Delicious, comforting snacks and sweets for a celebration or even to remedy a hangover...
Happy New Year 2017!
Ava and I got up early yesterday to make a Buche de Noel. So what that it's a week after Christmas? This cake is fancy and is meant to be "oohed" and "aahed" over before sharing it with a group of appreciative sweets lovers like us.
New Year's Eve (as well as any upcoming cold night in January) calls for delicious, decadent treats and bubbly drinks for all. What could be more rich and delicious than a big pot of cheese fondue? All the accoutrements are easy to find at any local supermarket. When you get them home, just artfully arrange them on some reclaimed wood. Everyone has an old cutting board laying around.
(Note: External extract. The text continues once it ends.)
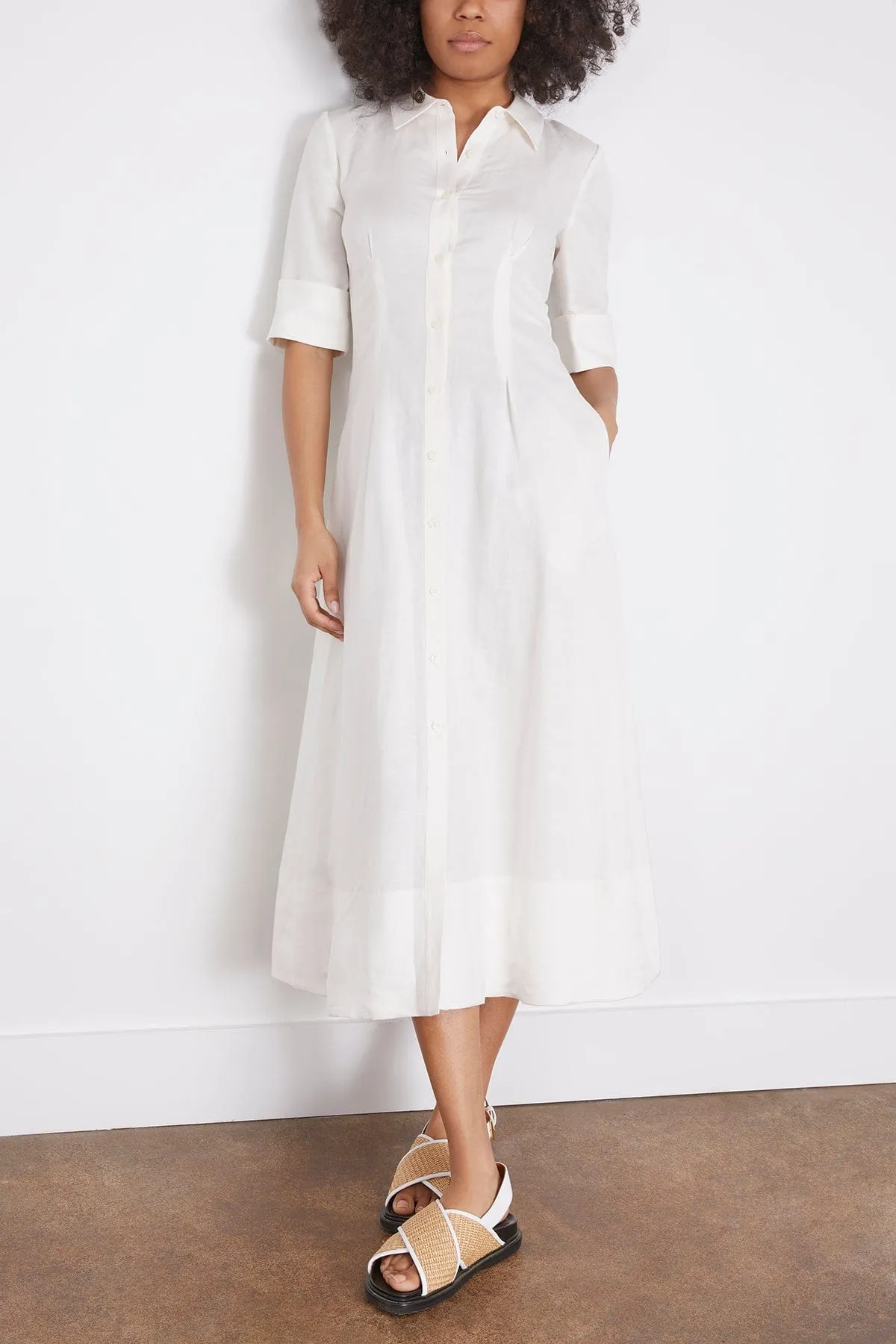 Claudine Short Sleeve Shirt Midi Dress in White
I found the recipe for this beautiful citrus salad a few years ago. It's easy and elegant and can be made ahead of time. The perfect counter point to all that rich, melty cheese. (Btw, it's from the book, Sunday Suppers by Karen Mordechai which is on my wish list.)
Find your Scrabble board. Everyone can play. Make teams of young children partnered with grandparents. (So that you won't have to play with your own kids and end up fighting with them. All parents need a break by the end of Christmas vacation.) Pour more bubbly and slice some cake. Have the reigning champion keep score. That's you, Val.
Have fun, chill out and remember, that the new year, new beginnings and lot's of fun and adventure await all of us in 2017!
Leftover Cheese Fondue
(makes enough for 8 with fixings!)
2 teaspoons cornstarch
2 tablespoons, plus 1 cup Proseco
16 oz. cheese (brie and Jarlsberg make a nice combo)
1 garlic clove, halved
1 teaspoon lemon juice
1/8 teaspoon pepper
1 baguette loaf, cut into cubes, each cube having some crust
other suggested accoutrements:
sliced ham, salami
steam broccoli flourets
Create a slurry with the cornstarch and 2 tablespoons Proseco. Cut the brie into small pieces and grate the Jarlsberg.
Rub inside of medium saucepan with the cut side of the garlic. Also rub the inside of the fondue pot with the cut side of the garlic. Over medium heat, bring the 1 cup Proseco and lemon juice to a boil. Reduce heat to low and stir in the cheeses. Blend the cornstarch and 2 tablespoons Proseco slurry into the cheeses and stir for a couple of minutes until the mixture is smooth and thick.
Transfer to a fondue pot over a flame and season with pepper. Serve with bread cubes, other accoutrements and fondue forks.